RYA DANGE: Psychiatric disorders like schizophrenia are often complicated to diagnose and treat because a wide variety of symptoms fall under their umbrella. In addition to core symptoms such as hallucinations, delusions, and cognitive dysfunction people experience symptoms of anxiety and depression at higher rates than the general population. 

We wanted better to understand the genetic and neural underpinnings of these symptoms, so we collected fMRI and genetic data from 765 participants who fell into three categories: patients with schizophrenia, their siblings who did not have schizophrenia, and healthy volunteers. 
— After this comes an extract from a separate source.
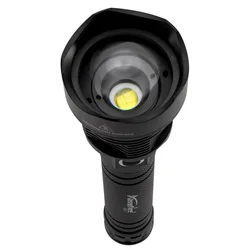 Linterna táctica LED XHP70 Zoom USB recargable para caza y pesca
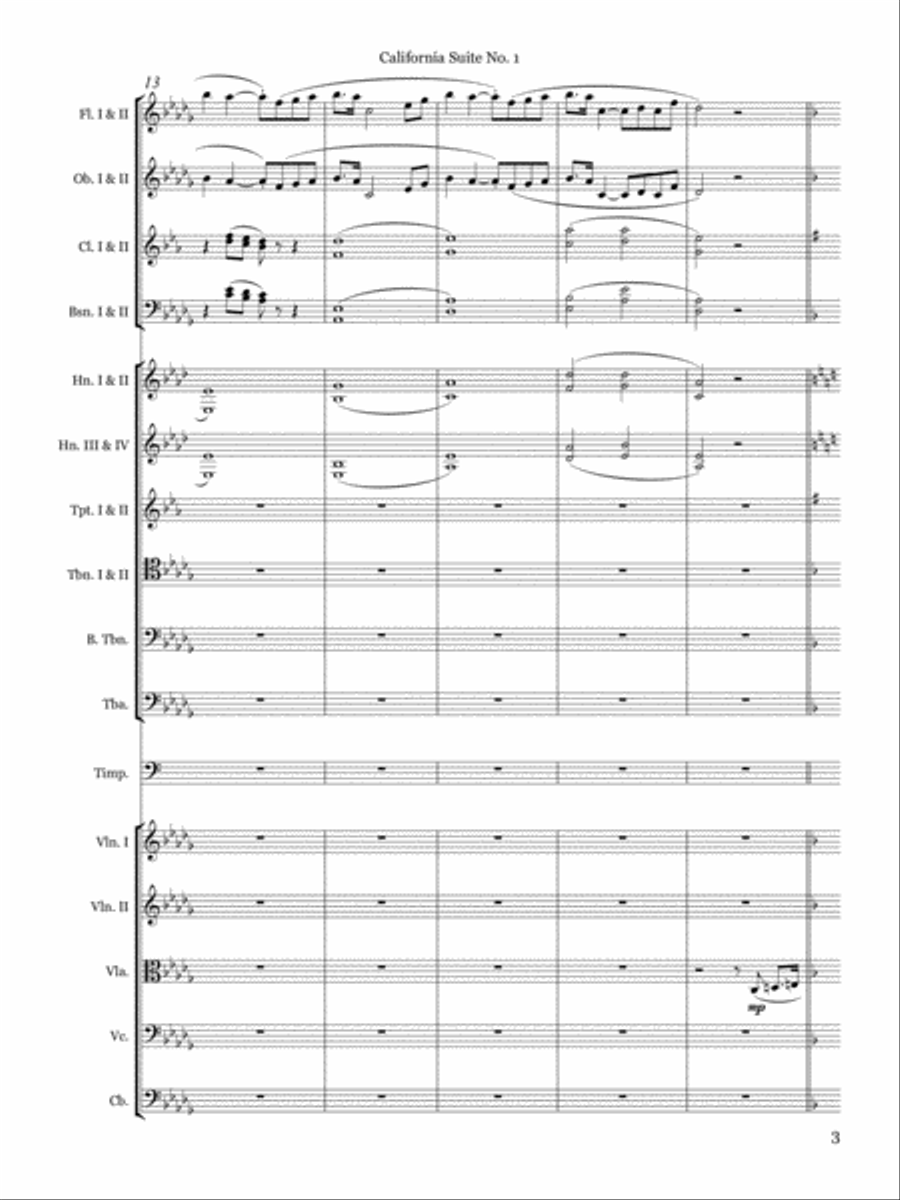 At Noon Time Small Ensemble scores gallery preview page 3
On the genetic level we investigated whether patients and their siblings had genetic variation that predisposed them to anxiety and depressive symptoms, and in order to do that we used polygenic risk scores, which are imputed measures of genetic risk for a particular trait calculated from large genome-wide association studies. 

Meanwhile, on the neural level, we assessed whether the brain activity in certain regions was different in patients and their siblings compared to healthy volunteers. And in order to gauge that, we used this emotional processing task and then we analyzed correlations in certain key emotion modulation regions of the brain, including and especially the insula. 
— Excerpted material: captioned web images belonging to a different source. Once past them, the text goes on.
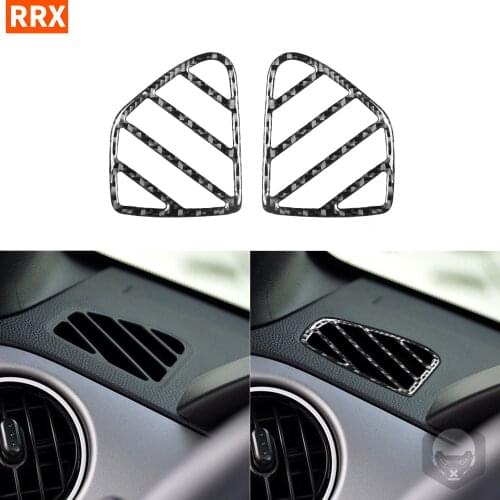 For Mazda MX-5 Miata MX5 NC 2009 2010 2011 2012 2013 2014 2015 Carbon Fiber Stickers Dashboard Both Sides Air Outlet Interiors
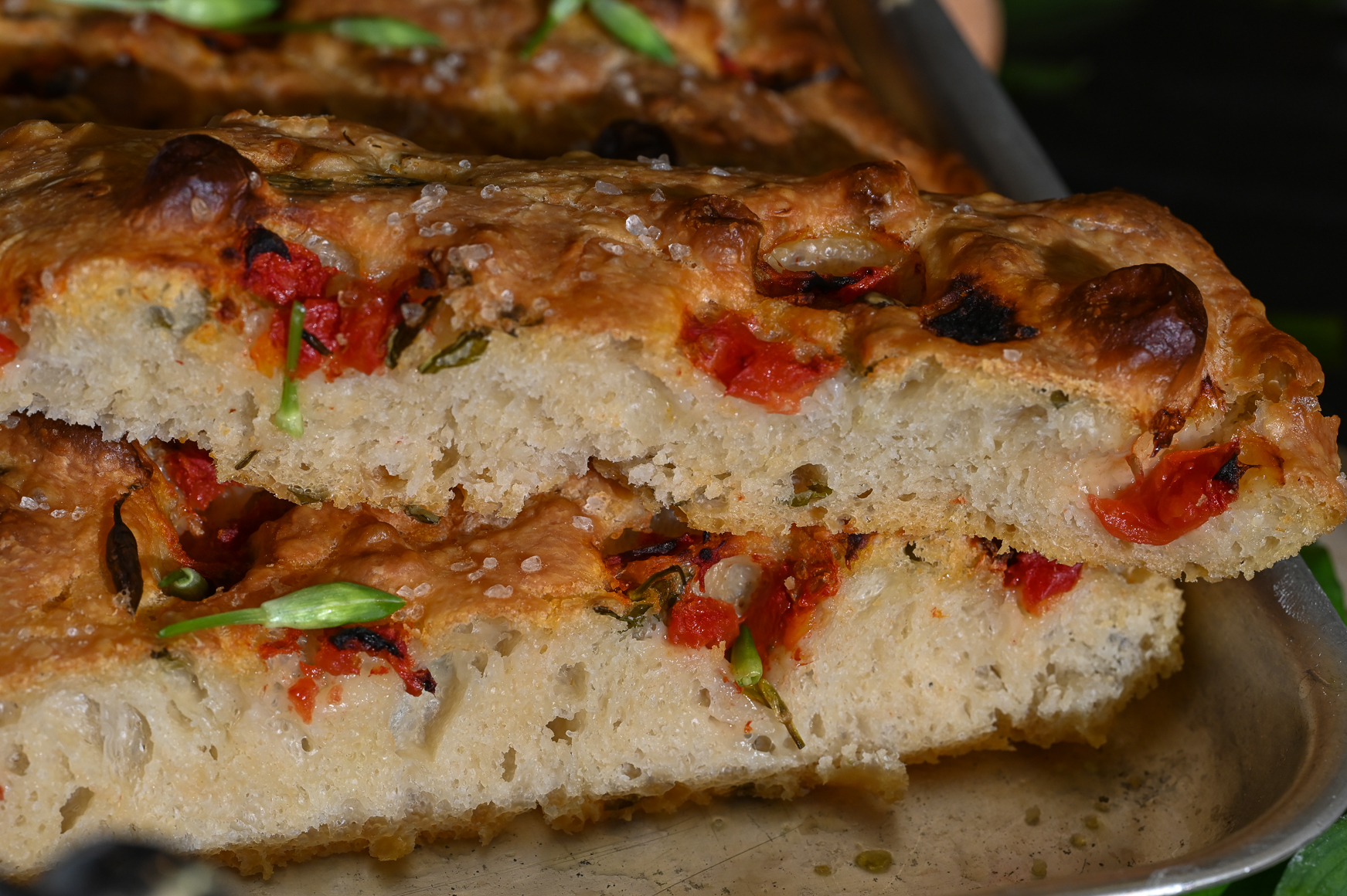 Schritt 3: Bärlauch Focaccia backen
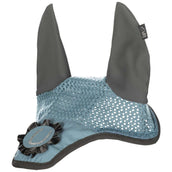 HKM Bonnet Anti-Mouches Nele Bleu Fumeé HKM Bonnet Anti-Mouches Nele Bleu Fumeé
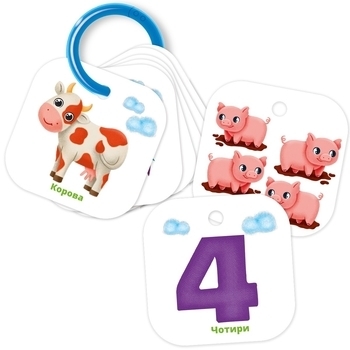 Карточки на кольце Vladi Toys Счет Ферма, укр. язык (VT2000-04) - Pampik - 2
Now of course, the genetic and neural levels don't operate separately. Genes influence neural structure and function, and both contribute to psychiatric symptoms, so we used our analyses on both levels to answer one question: Does brain activity in patients, and their siblings vary as a function of polygenic risk for anxiety and depression? 
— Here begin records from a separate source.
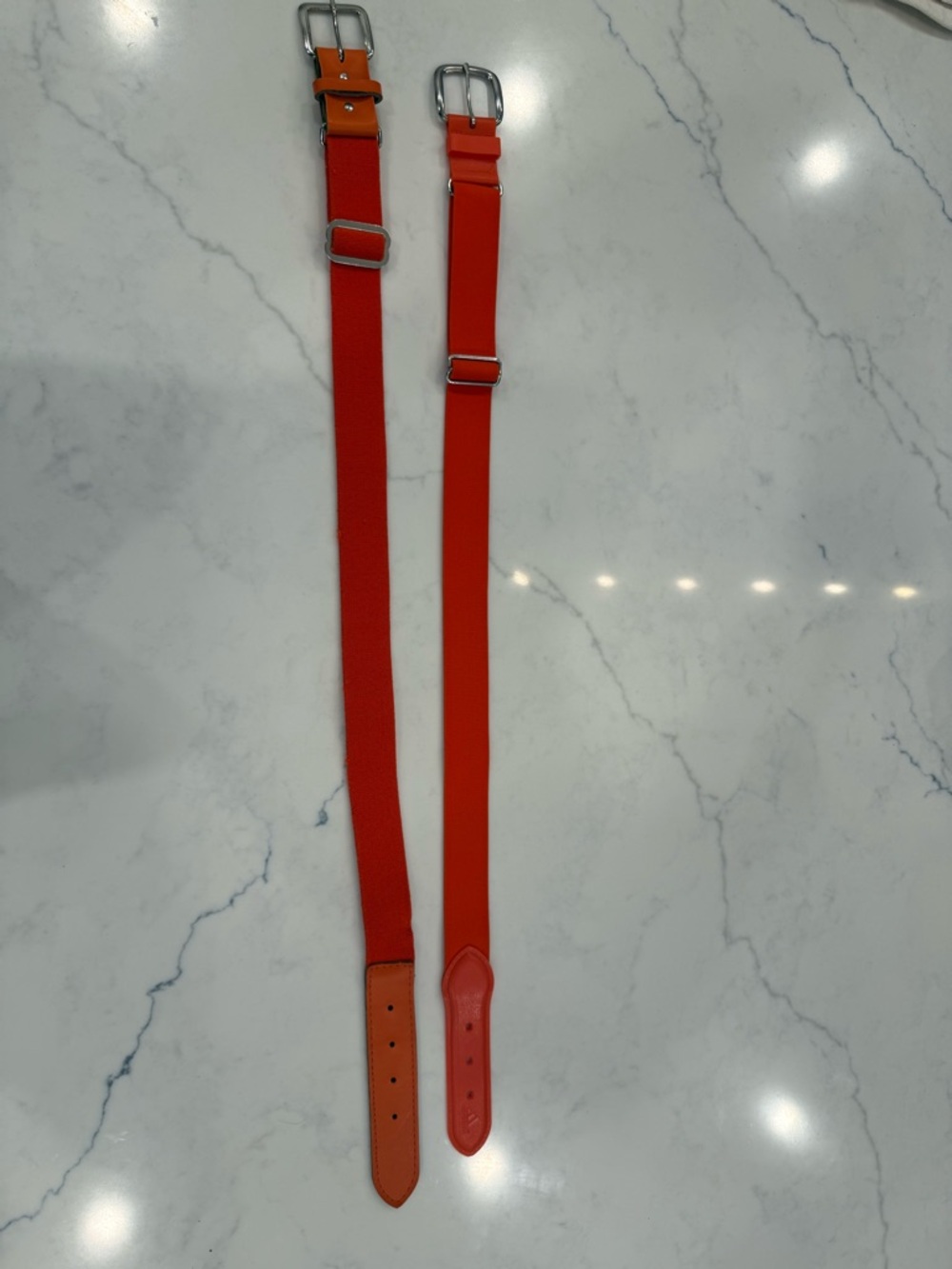 adidas Kids Orange Elastic Softball/Baseball Belts- Pair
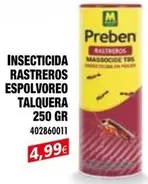 Preben - Insecticida Rastreros Espolvoreo Talquera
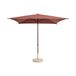 Hay Sonnenschirm TERRAZZA - Rot - Polyacryl-Gewebe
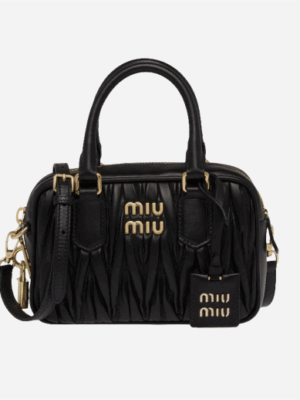 [미우미우] 마테라쎄 나파 가죽 탑핸들백 5BB123-N88-F0002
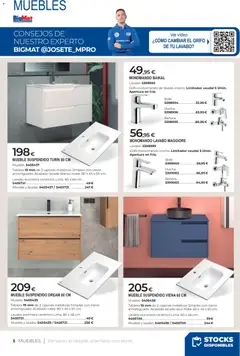Vista previa BigMat Baños y cerámica 2026 válido desde el 21.05.2026 | Página: 6 | Productos: Muebles, Video, Lavabo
And we found that it did; specifically, with the higher polygenic risk for anxiety shown in our participants, the lower activation across four brain regions, the left amygdala, the right and left orbital frontal area, and the left insula. Now patients with schizophrenia showed the strongest negative correlations, while healthy volunteers showed virtually no correlation, unaffected siblings meanwhile fell somewhere in between. 

Now, we also found that same correlation for one brain region with regard to polygenic risk for depression and that was the right insula. Interestingly, the insula was the only region that appeared across both polygenic risk scores. It's been shown to play an important role in emotion modulation and abnormal insula activity has been associated with anxiety, depression, and several symptoms of schizophrenia. 

So, from our analyses at the intersection of genetics and neural biology we were able to conclude that polygenic risk for anxiety and depression modulates in selectivity differently based on schizophrenia diagnosis. These connections open the door to a variety of possibilities including being able to detect these symptoms early in patients with schizophrenia so we can help them seek out and develop personalized treatment strategies. 
We have a lot of work ahead of us, but the possibilities are nothing short of exhilarating.